In a fiery speech, President Trump said, “Wouldn’t you love to see one of these NFL owners, when somebody disrespects our flag, to say, ‘Get that son of a b**ch off the field right now. Out. He’s fired. He’s fired!”
Watson was with his Baltimore Ravens teammates in London on September 24, 2017, preparing to play the Jacksonville Jaguars, when they became aware of Trump’s comments.
“As we were several hours ahead of home it was late in the evening before we heard the news about the president’s comments,” Watson wrote on his Facebook page on May 27. “Though in hindsight I should not have been, at that moment I was shocked. I could not believe the President of the United States, a man collectively elected by the American people, would utter those insulting words about a private citizen, especially one that had not only broken no laws but was peacefully exercising his First Amendment rights within them.”
Some constitutional scholars will argue that kneeling during the anthem, while at work, isn’t a First Amendment right.
“The First Amendment doesn’t apply to private institutions,” Erwin Chemerinsky, Dean of Cal-Berkeley Law School told the Washington Post. “Private employers can fire employees for their speech without having to worry about the First Amendment.”
Before Trump’s speech in Alabama where he made the “son of a b**ch” comment, Watson felt the anthem protests, which started in the summer of 2016 as a statement against police brutality, were dying down.
“Before [the speech], for all the ire they drew, participation in protests by NFL players during the playing of the national anthem was not wide spread,” Watson wrote. “But as we sat in meetings and chapel early Sunday morning the President’s words left none unaffected. Indeed, the words of the commander in chief have that type power. Anger, fear, disappointment and sadness were evidenced by the tears and quivering voices of grown men grappling with the implications of these words for themselves and their families and the realization of an America that seemed at least in that moment to be so adamantly against all of us.”
Several Ravens knelt during the anthem in London, and team President Dick Cass felt this contributed to empty seats at Baltimore home games that followed.
Watson, a 14-year NFL veteran, who has written several books, feels after Trump’s remarks, “a new wave of protests had begun.”
Watson is disappointed in Trump’s handling of the anthem issue.

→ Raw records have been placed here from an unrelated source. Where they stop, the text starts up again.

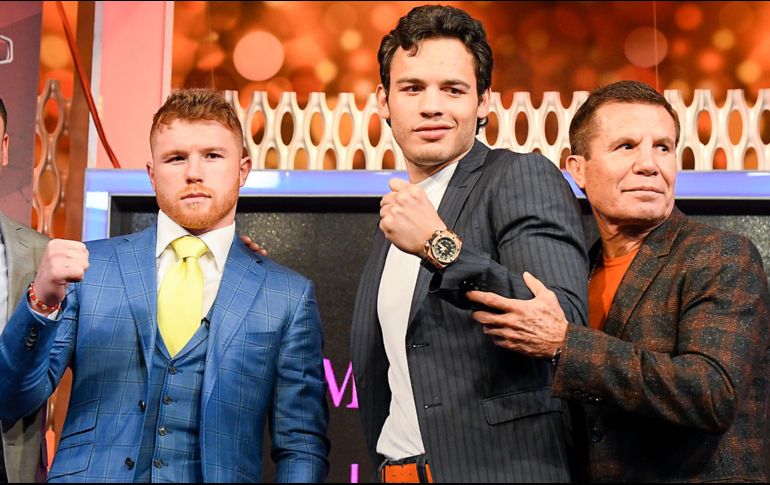 La rivalidad entre los Chávez y el ''Canelo'' viene de cuando Álvarez venció a Julio Junior en el 2017, en una pelea que se fue a decisión. IMAGO7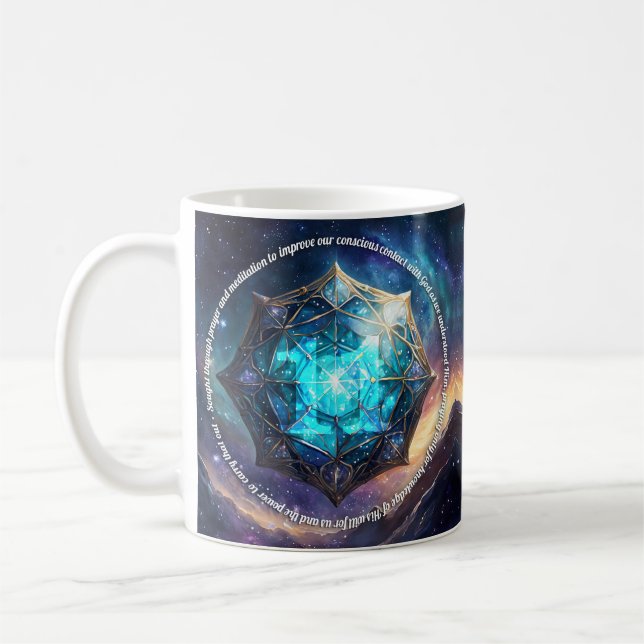 Taza De Café Paso 11 Lema de recuperación Mug (Izquierda)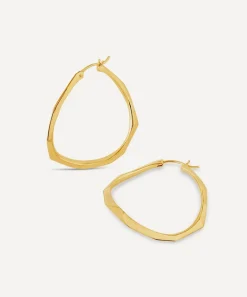 Dinny Hall Earrings^22ct Gold-Plated Vermeil Silver Thalassa Large Faceted Statement Hoop Earrings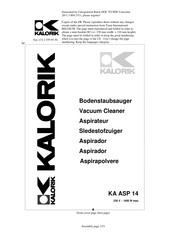 Kalorik KA ASP 14 Gebrauchsanleitung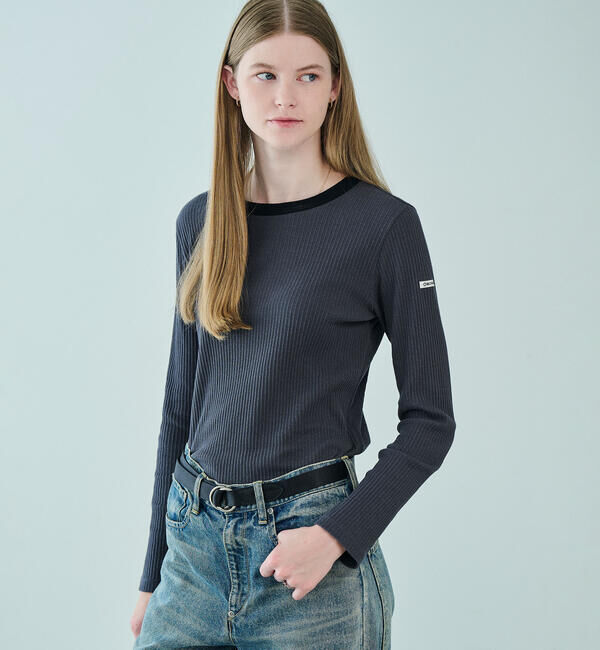 ORCIVAL「ORCIVAL | クルーネック ライトリブカットソー WOMEN」|Tシャツ・カットソー|CHARCOAL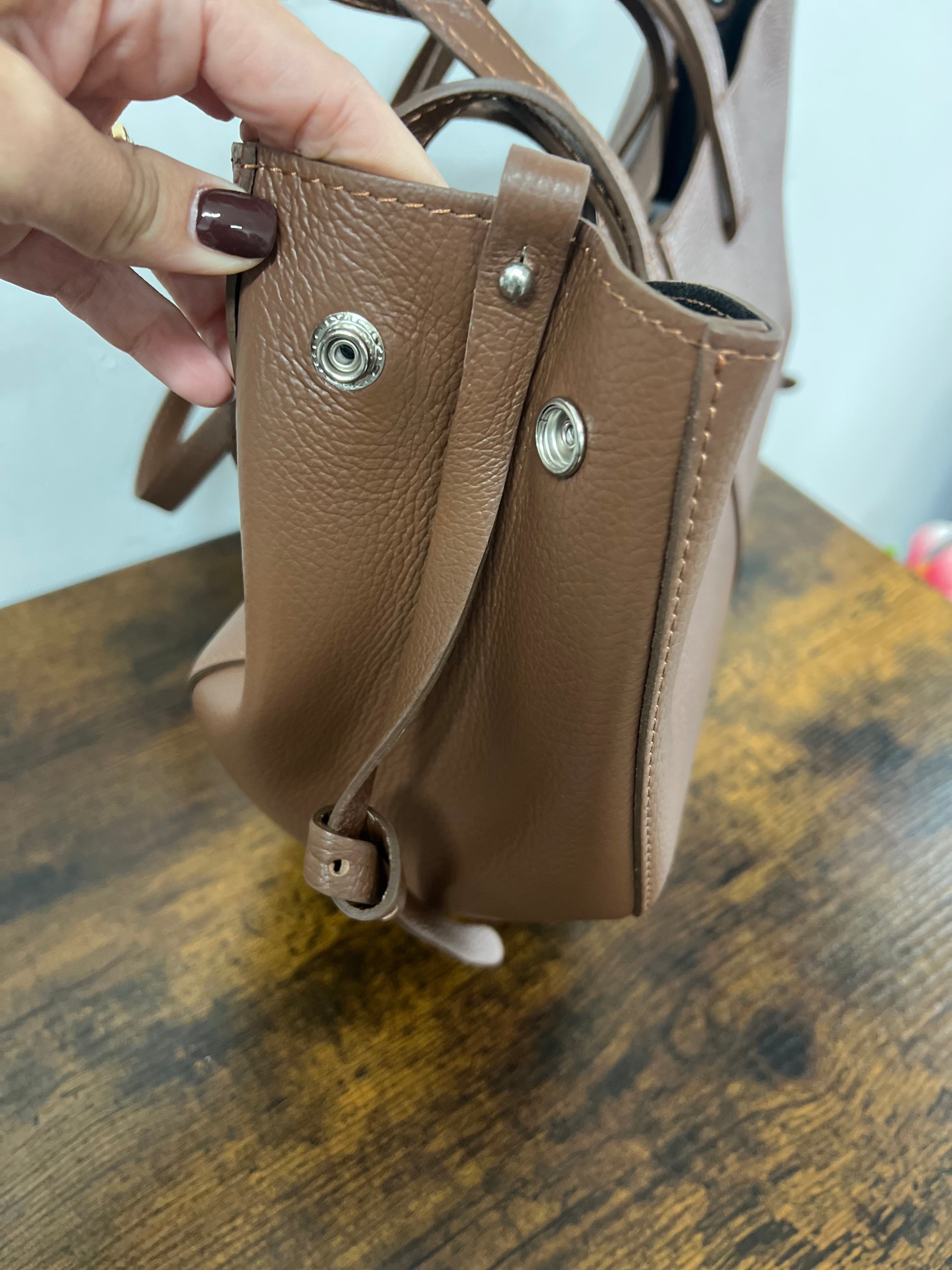 LILI chocolate shopper bag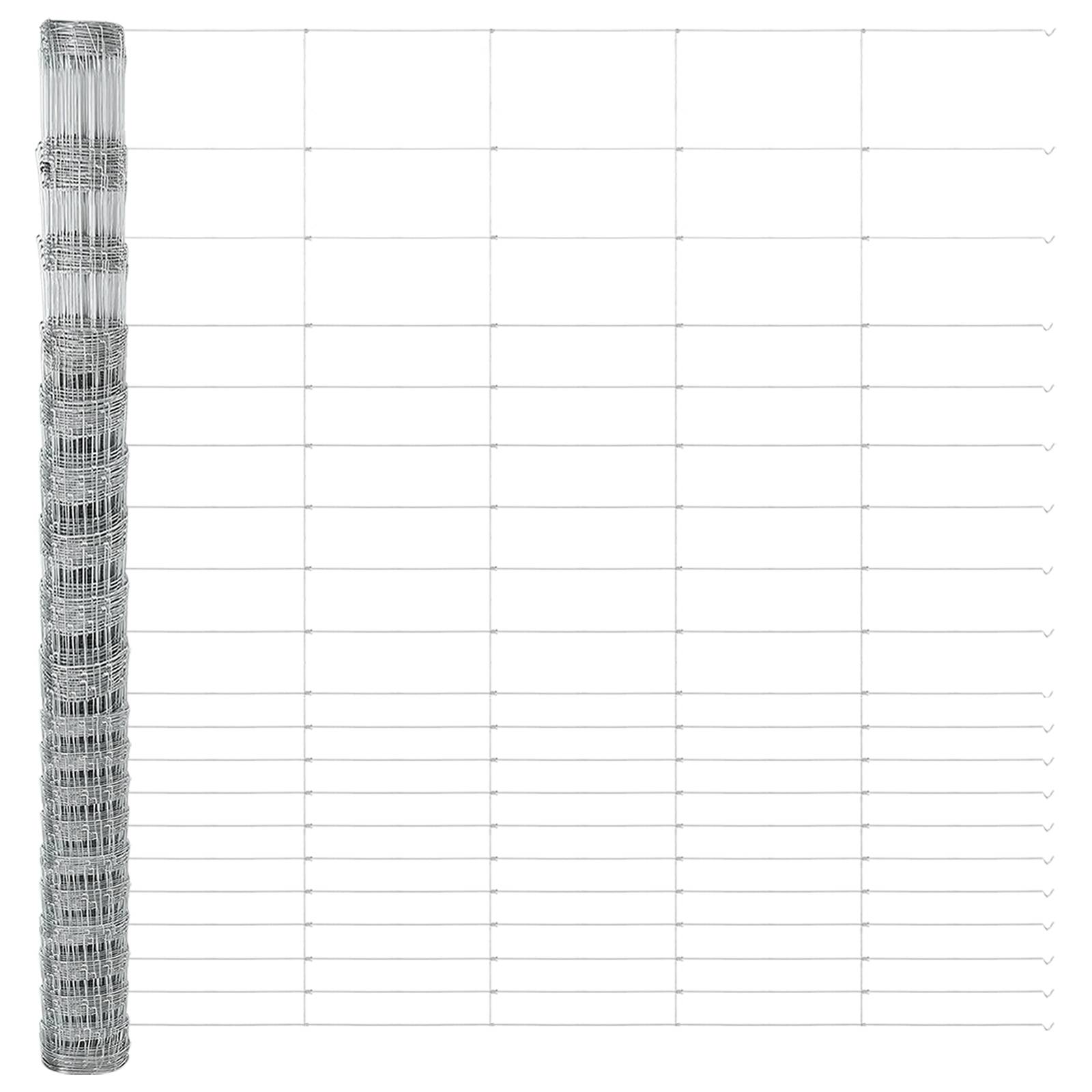 vidaXL Feldzaun 1,6x25 m galvanisierter Stahl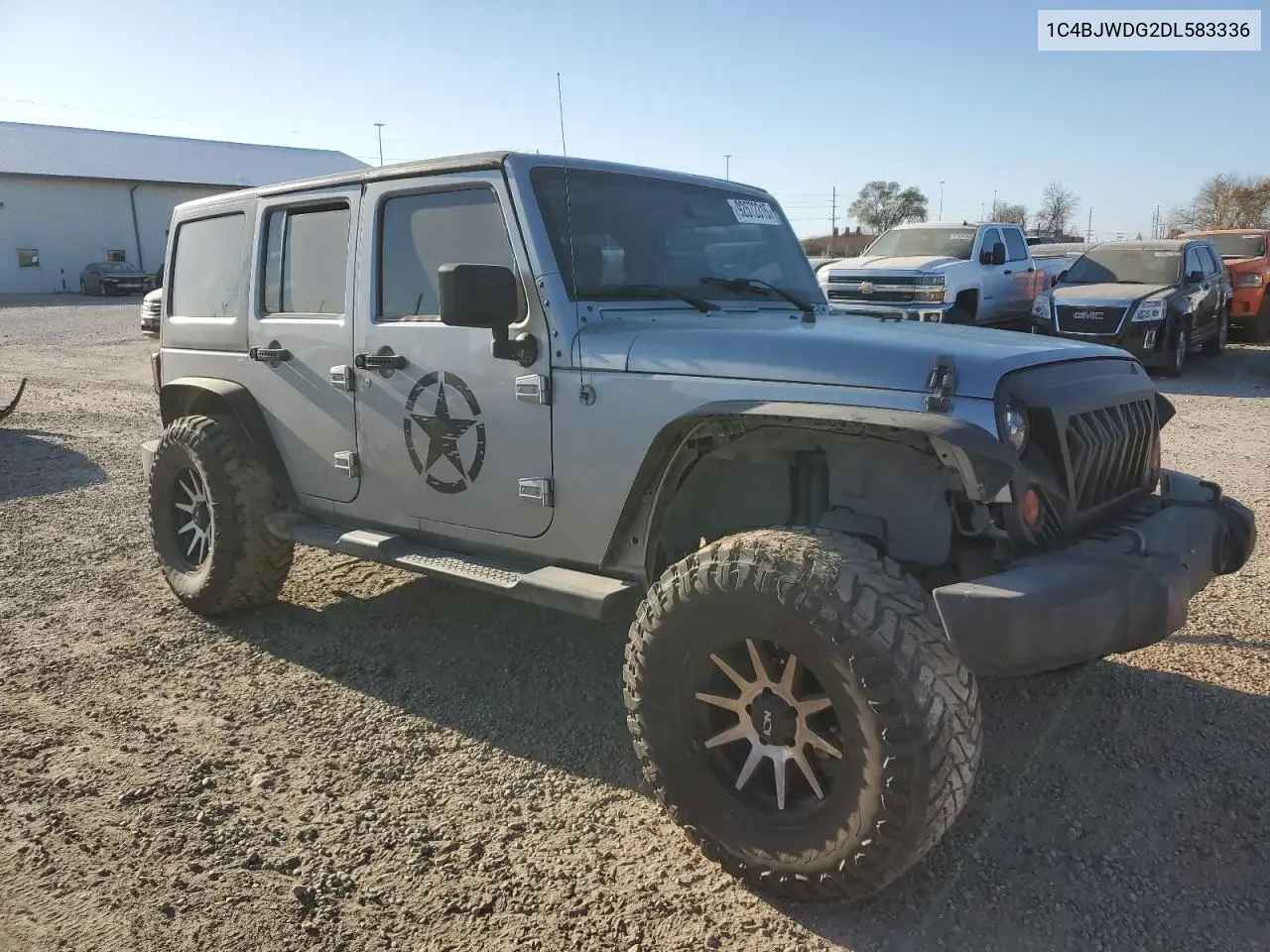 1C4BJWDG2DL583336 2013 Jeep Wrangler Unlimited Sport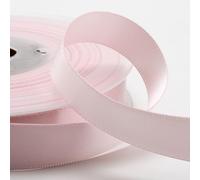 Italian Options Satin Ribbon, Fabric Ribbons for Gift Wrapping, Crafting, Balloons, Wedding Car, Presents, Cake, Christmas, Birthday, Gift Wrap Accessories, 3mm Wide x 50 Metre Roll, Blush Pink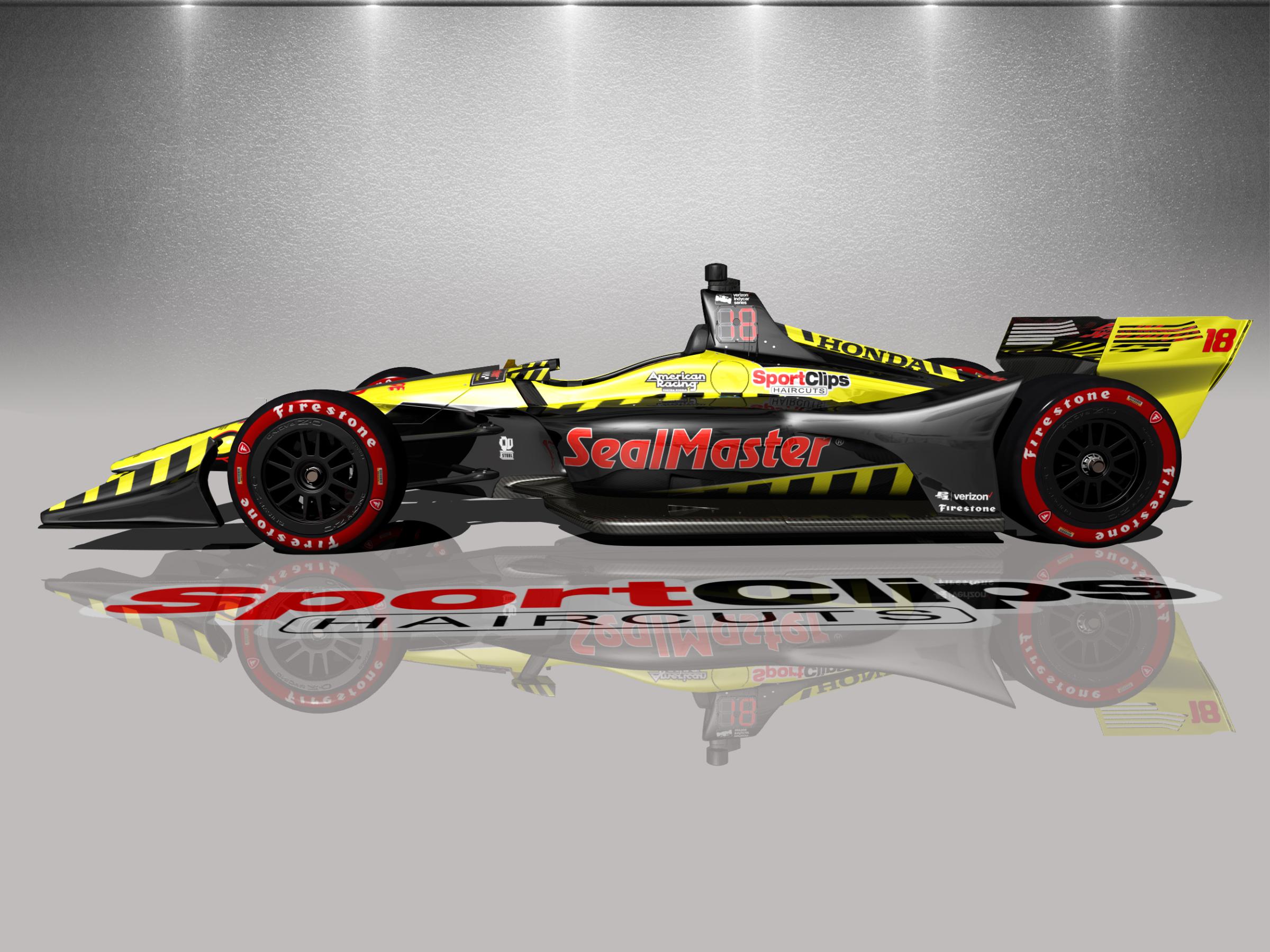 SealMaster Dallara IR18 by Aldo Falla - Trading Paints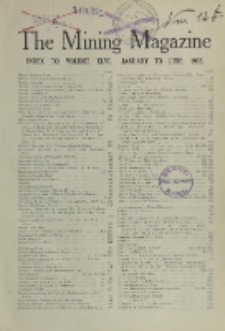 The Mining Magazine, Vol. 46, Index
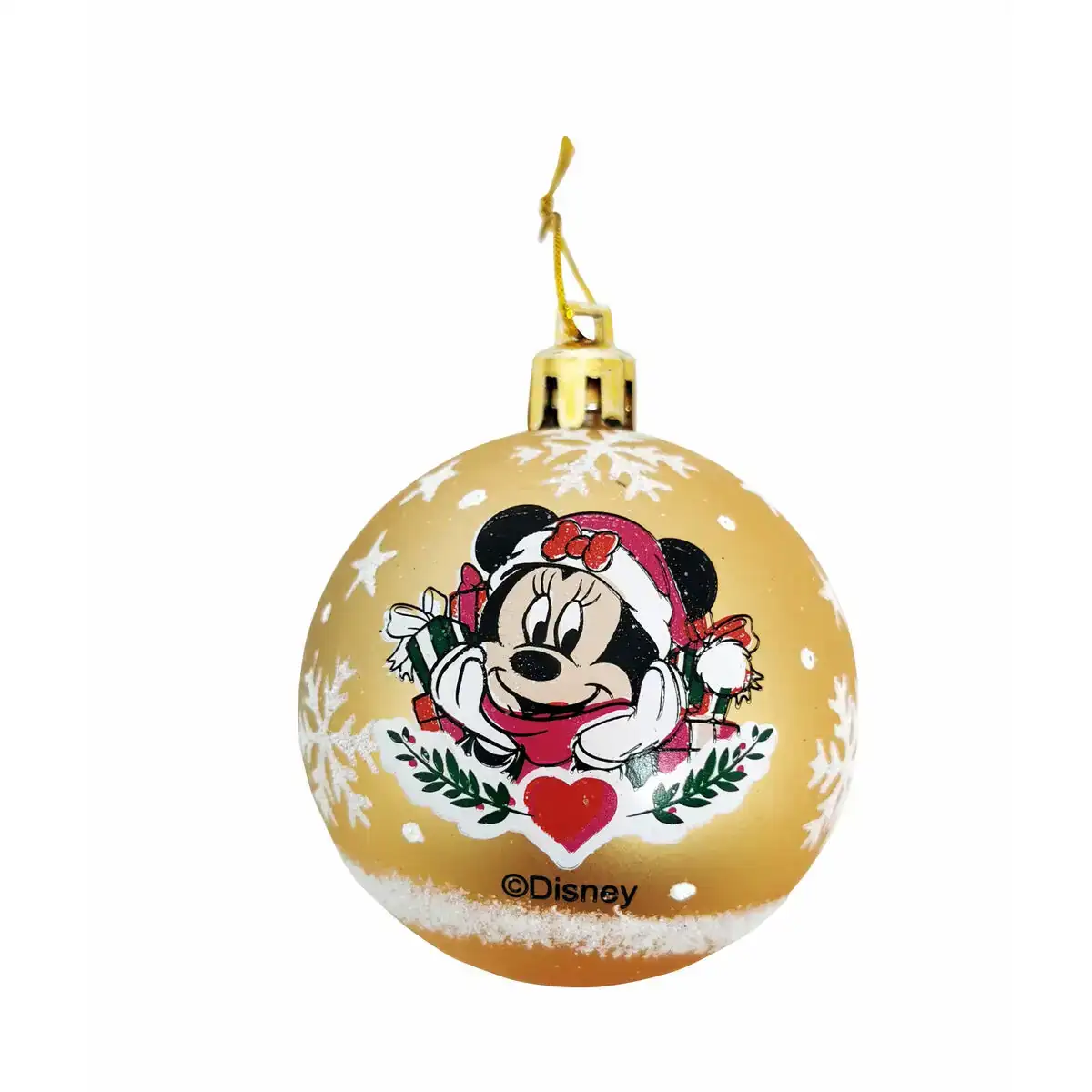 Boule de noel minnie mouse lucky dore 6 unites plastique o 8 cm _7637. Bienvenue sur DIAYTAR COTE D'IVOIRE - Où le Shopping est une Affaire Personnelle. Découvrez notre sélection et choisissez des produits qui reflètent votre unicité et votre individualité.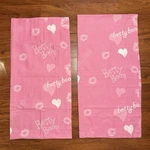 Betty Boop Vintage Lined Window Valance Curtain Set Pink Lips Kisses 40X80. Fixed Price $20.00.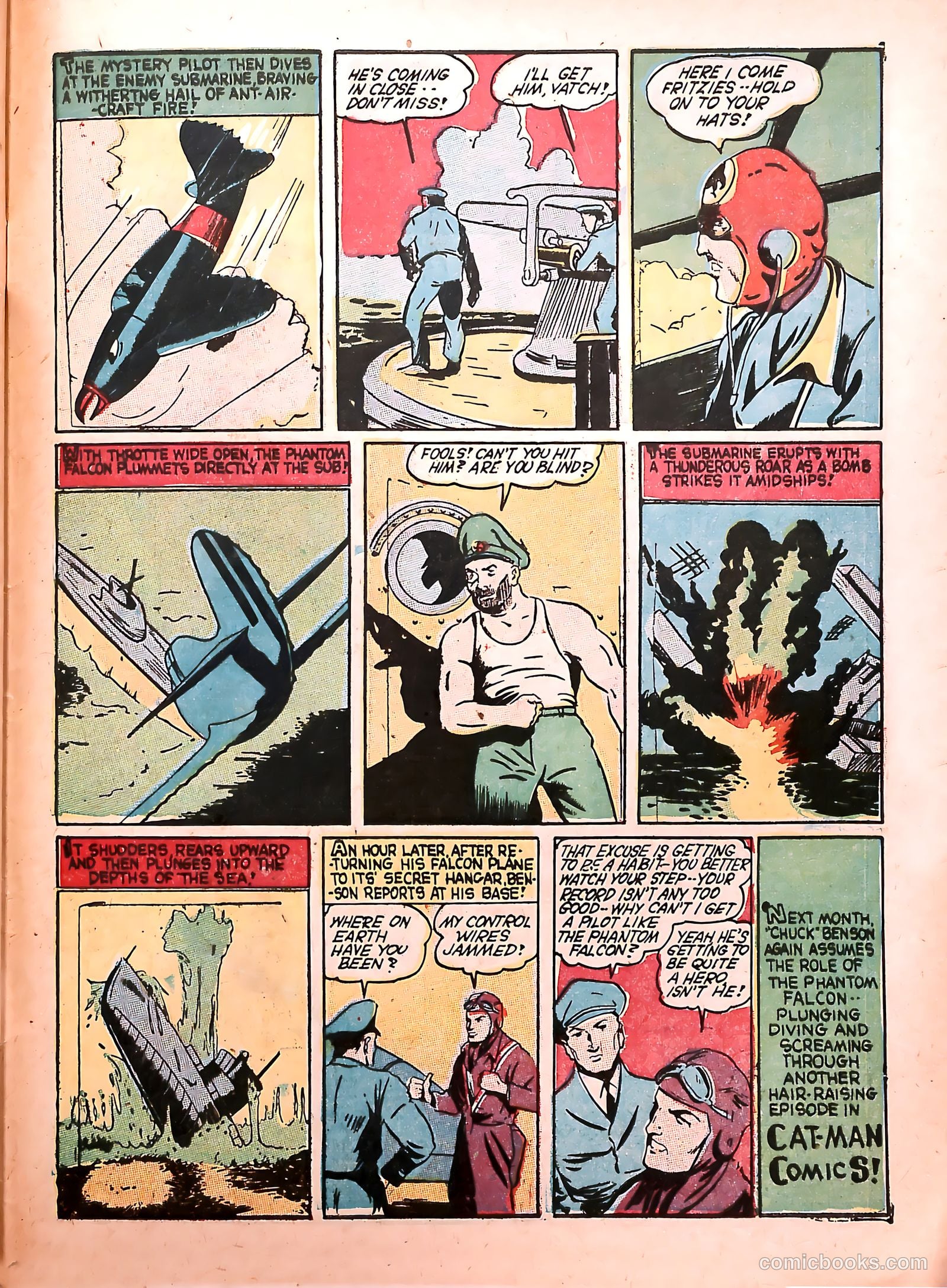 Cat-Man Comics #12 (1941) — page 57 of 68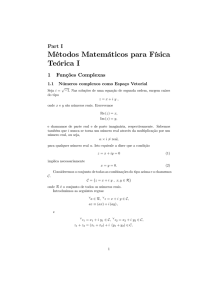 Métodos Matemáticos para Física Teórica I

“Instead of using his power and position to be a reconciliatory uniting force to mend what has for so long been broken the President has intentionally used his pulpit to drive the wedge further,” Watson wrote, “Following every tweet and statement we have been compelled to choose a side, in what should not even be a debate, simply because of the party we vote for, the shade of our skin or the neighborhood in which we were raised. Each time we blindly, even subconsciously choose a side our ears become increasingly deaf, our hearts hardened and our eyes more blind to the humanity of the other side, scorning the path to empathy and settling for hostility and indifference.”
Watson feels that the NFL’s recent decision to force players to stand on the sideline during the anthem, or stay in the locker room until it’s over, was a “capitulation” to Trump.
“It has been the unfettered venomous attacks from the most powerful office in our republic that has widened the divide, stifled attempts at understanding and in a twist of irony led to the recent capitulation of several NFL owners to move from tepid support to creating a new policy forcing players and personnel present on the sidelines in pregame to stand,” wrote Watson.
Watson, a devout Christian, believes that despite the rampant criticism of the NFL protest movement, players will continue to fight for what they believe is right.
“The fallout will continue but of one thing I am sure,” Watson concluded on his Facebook post. “I’ve been an NFL player long enough to know that nothing will distract, inhibit or discourage those who desire to be engaged, active and focused on the betterment of their country from continuing to do so. Players caring about their communities is not a two-year old phenomenon.”